It came time in field day for the 50 yard dash. Everyone knew that Al Batson was going to win. He was the runner in our class. Actually, he was the all around athlete in our class but everyone knew he was fast. He was the free play football champion because he'd score all the touchdowns. He had skills. He probably worked out in the gym each day because he was pretty cut for a 3rd grader (or whatever grade we were in). So back to the 50 yard dash. My goal was to get a ribbon. 1st, 2nd, or 3rd. Well, I knew Al was getting 1st, so I was hoping for 2nd or 3rd. We lined up at the start line and the teacher fired the start gun. (Actually she just said "go." We were 3rd graders for crying out loud, but I'm making this story more dramatic.) Now it was just a 50 yard dash. That takes what? 10 seconds. But in my mind it was in slow motion and took several minutes. I got off to a great start. I had my eye on the finish line and that ribbon waiting for me. My form was good. I was getting good traction in my velcro sneakers. And I was moving. About halfway through, I remember looking over and seeing Al right next to me.
By the way, I need to point out that this post is called Albert vs Al. Not Al vs Al. My name is Albert. I don't like being called Al. That's my dad's name. Sorry dad, but Al sounds like an overweight trash collector. No offense to any "Al's" that are reading. Back to the story.
I do remember seeing Al right next to me and being surprised. He wasn't in front of me. He was beside me. I was keeping up with Al. Me. Albert. And I remember everyone else in the race was a good distance behind us. It was truly Albert vs Al. Could I actually beat Al Batson? The fastest kid in the class. I was so happy in that moment that I turned it on and sped up. So did Al.
Now, you're all going to kill me. I told you the facts were sketchy. I can't remember who won. He either barely beat me or I barely beat him. I'd like to say I won. In fact, let's just say that.

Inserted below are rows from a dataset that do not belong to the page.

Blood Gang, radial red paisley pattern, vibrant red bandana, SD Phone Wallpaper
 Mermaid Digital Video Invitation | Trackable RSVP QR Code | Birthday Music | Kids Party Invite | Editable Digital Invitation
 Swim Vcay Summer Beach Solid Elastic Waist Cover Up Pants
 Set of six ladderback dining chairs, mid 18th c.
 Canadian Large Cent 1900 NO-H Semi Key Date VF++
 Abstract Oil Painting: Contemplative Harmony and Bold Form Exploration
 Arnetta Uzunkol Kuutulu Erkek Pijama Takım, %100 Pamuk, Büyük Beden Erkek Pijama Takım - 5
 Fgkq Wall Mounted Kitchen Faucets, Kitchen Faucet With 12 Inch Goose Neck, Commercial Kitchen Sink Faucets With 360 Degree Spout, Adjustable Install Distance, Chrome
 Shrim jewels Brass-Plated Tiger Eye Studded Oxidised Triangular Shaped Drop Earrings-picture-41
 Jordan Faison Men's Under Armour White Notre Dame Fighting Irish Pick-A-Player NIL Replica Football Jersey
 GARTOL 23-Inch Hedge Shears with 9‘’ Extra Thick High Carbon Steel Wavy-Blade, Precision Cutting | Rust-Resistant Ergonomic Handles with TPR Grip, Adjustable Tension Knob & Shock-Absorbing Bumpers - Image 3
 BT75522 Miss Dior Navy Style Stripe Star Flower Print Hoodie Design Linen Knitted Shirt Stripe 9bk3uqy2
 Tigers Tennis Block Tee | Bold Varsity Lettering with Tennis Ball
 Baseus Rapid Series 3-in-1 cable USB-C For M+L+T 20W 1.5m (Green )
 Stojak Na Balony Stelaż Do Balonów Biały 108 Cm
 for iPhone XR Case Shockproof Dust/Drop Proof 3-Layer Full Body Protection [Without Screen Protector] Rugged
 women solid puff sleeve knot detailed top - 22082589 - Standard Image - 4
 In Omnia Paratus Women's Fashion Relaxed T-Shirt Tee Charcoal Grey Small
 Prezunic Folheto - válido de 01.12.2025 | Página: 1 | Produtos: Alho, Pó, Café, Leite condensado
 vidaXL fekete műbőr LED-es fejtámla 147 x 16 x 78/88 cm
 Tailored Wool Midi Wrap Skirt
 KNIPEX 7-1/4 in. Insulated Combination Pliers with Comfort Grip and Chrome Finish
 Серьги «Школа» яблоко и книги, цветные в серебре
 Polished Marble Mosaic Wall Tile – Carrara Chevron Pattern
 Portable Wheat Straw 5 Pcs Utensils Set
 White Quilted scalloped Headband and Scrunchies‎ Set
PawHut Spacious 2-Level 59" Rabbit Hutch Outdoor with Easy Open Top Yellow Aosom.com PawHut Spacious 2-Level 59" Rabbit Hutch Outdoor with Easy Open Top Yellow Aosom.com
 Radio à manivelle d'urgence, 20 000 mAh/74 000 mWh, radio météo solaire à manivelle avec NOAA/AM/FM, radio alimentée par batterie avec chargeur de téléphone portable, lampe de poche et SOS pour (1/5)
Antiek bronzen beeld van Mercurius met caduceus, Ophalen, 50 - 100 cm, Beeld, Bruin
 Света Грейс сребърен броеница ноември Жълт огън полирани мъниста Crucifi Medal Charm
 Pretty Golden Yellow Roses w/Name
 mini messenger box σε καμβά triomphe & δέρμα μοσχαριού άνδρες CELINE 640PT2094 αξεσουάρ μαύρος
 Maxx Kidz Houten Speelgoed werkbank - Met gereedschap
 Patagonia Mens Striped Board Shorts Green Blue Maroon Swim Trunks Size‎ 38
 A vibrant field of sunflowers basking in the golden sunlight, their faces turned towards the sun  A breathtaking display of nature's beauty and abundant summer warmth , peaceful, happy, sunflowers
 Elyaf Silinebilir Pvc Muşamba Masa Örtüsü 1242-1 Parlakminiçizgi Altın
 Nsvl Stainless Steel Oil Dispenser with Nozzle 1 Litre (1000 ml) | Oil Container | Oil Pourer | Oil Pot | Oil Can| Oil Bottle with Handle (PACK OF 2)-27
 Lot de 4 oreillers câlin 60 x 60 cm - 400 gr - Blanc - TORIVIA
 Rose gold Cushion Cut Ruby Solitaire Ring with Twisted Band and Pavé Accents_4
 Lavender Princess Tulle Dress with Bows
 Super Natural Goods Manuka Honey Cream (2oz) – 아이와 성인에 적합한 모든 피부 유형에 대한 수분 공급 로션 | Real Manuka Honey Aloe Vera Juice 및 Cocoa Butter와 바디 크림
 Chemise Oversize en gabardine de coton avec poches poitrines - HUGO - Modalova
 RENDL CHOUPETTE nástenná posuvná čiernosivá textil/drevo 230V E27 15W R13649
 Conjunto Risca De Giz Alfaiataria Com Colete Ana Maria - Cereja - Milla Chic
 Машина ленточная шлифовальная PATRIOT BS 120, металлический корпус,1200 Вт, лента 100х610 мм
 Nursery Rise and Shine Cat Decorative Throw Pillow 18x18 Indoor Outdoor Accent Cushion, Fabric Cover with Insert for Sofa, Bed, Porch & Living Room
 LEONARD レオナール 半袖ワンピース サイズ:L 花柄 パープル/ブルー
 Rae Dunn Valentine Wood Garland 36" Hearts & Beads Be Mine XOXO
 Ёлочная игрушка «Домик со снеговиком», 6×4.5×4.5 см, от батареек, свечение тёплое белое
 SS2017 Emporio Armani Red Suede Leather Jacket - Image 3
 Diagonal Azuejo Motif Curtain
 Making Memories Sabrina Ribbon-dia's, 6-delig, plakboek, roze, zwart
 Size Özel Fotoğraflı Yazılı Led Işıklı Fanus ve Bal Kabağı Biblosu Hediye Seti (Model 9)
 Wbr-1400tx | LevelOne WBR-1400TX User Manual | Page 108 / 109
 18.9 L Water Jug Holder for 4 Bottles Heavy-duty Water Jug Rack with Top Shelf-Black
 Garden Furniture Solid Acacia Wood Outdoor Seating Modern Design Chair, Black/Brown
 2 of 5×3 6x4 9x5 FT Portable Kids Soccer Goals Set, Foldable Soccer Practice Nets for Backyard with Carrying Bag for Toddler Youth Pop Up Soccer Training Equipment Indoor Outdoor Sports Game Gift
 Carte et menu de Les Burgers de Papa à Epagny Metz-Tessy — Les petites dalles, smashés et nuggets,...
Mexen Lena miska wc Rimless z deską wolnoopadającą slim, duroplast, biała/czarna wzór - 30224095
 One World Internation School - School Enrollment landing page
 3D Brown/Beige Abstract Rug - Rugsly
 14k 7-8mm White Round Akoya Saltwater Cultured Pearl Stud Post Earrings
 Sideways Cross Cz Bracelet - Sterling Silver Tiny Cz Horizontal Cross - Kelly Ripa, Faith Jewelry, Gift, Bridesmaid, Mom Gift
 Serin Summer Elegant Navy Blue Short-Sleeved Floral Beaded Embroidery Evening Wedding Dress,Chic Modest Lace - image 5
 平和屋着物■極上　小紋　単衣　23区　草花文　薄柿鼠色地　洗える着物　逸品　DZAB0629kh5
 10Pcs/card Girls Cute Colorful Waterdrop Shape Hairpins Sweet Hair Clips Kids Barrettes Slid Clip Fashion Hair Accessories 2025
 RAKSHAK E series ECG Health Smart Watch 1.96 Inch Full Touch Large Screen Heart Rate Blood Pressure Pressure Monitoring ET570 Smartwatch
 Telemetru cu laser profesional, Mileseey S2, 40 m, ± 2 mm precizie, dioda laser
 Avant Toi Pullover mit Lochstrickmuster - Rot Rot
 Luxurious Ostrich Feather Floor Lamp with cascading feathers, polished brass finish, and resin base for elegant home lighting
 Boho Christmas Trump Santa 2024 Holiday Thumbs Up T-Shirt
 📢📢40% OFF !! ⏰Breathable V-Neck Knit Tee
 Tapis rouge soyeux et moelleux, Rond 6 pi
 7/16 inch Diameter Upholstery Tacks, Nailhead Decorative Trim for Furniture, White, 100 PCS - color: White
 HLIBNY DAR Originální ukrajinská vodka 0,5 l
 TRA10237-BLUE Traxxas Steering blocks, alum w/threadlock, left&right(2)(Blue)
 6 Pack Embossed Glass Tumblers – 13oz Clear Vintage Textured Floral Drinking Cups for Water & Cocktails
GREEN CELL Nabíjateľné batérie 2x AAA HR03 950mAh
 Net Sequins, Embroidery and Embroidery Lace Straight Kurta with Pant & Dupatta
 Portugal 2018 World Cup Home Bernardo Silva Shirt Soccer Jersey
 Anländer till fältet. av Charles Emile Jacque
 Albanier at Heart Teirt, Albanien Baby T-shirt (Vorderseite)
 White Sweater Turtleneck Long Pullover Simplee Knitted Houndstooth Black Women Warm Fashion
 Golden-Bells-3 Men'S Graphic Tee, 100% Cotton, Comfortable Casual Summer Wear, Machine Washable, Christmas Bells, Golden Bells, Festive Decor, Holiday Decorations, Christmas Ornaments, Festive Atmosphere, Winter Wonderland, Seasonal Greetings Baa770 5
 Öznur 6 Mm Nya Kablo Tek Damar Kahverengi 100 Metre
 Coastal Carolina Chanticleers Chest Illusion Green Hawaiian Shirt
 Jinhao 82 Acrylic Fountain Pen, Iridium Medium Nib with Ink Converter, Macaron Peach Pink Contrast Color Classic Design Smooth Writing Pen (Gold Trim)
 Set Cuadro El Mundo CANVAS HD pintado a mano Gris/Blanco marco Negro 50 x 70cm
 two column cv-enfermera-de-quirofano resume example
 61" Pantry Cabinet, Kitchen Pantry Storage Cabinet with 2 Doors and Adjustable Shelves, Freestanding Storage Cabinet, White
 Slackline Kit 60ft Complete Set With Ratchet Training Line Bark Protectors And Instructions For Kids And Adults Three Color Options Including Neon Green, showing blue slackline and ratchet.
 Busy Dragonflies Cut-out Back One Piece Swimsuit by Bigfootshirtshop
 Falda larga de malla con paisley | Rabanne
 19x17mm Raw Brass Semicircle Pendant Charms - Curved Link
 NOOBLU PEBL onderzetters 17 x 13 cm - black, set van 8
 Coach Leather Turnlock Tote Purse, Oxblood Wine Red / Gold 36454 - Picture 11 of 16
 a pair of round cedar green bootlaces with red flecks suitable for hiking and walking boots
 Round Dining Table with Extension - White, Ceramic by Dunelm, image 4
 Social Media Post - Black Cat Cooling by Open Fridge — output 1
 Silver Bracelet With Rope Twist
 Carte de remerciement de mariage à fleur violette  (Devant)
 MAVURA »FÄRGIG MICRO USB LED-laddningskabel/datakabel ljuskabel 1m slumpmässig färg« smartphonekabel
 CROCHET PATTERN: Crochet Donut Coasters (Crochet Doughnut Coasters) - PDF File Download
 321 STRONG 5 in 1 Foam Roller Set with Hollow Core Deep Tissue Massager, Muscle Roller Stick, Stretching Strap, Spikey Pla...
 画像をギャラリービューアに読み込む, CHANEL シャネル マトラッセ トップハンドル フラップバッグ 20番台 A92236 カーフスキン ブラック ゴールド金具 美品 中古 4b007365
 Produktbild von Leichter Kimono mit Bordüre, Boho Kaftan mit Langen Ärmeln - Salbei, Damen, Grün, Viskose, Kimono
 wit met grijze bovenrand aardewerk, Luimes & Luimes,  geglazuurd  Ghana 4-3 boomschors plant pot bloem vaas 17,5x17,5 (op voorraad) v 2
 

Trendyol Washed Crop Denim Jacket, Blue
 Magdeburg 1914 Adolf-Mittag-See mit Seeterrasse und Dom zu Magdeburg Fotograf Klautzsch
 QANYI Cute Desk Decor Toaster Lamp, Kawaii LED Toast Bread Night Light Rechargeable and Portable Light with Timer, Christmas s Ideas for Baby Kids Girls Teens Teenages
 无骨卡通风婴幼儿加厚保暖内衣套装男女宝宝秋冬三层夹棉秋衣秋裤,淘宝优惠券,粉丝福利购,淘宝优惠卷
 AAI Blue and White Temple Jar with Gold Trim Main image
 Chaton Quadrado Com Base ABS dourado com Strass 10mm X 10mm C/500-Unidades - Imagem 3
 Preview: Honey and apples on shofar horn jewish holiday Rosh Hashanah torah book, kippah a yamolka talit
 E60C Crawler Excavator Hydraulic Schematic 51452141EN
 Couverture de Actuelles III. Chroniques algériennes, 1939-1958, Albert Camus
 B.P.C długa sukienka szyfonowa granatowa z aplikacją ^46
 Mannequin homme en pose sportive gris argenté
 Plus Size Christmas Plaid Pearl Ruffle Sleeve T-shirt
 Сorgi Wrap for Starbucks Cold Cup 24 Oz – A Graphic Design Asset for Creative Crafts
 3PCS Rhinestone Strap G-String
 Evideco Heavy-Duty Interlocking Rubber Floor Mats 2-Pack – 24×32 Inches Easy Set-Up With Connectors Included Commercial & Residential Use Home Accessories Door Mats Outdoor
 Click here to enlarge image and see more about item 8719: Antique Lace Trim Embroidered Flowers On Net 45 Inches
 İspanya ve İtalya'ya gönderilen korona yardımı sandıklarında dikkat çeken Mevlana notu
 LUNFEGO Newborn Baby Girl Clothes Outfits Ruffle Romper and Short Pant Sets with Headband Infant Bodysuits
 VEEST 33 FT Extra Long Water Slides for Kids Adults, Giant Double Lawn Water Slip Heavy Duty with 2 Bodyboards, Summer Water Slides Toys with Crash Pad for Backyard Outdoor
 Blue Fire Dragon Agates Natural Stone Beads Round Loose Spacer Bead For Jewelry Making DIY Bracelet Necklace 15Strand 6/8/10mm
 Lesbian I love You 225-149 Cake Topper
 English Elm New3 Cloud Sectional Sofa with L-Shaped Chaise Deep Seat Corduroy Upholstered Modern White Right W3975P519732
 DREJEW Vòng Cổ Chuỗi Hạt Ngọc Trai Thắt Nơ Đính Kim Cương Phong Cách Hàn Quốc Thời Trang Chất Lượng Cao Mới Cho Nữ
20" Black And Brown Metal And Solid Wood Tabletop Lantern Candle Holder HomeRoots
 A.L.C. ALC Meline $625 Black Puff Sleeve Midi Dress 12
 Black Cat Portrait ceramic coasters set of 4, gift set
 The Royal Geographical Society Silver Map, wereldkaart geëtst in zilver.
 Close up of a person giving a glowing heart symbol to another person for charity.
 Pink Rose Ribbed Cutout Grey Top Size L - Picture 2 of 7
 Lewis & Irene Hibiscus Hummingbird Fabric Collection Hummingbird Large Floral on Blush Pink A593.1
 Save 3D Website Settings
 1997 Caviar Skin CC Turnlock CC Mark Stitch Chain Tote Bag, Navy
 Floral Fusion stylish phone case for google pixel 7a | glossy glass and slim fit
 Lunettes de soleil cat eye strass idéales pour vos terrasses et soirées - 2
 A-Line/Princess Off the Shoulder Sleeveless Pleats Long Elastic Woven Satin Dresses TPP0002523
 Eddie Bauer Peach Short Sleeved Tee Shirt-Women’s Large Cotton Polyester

I won. I think I did to be honest, but if I'm being perfectly honest, I can't fully remember. I was just very happy that day that I kept up with Al. I remember receiving many congratulations from classmates and teachers for my performance. Many (again, many in my mind, it was probably 3) were impressed that I kept up with the champ. I knew that day that I also had a few skills. Maybe I wasn't coordinated (not in the least). Maybe I would never be a star athlete (not even close). But I could run. It took until High School for me to pick up running again, but it was that day in 3rd grade (or whatever) when I knew I was born to run. I got a ribbon that day and I cherished it until I got home and apparently lost it because I have no idea where it is.
Al Batson. If you're out there and reading this, let me know. Maybe we can have a rematch some time. I'm game.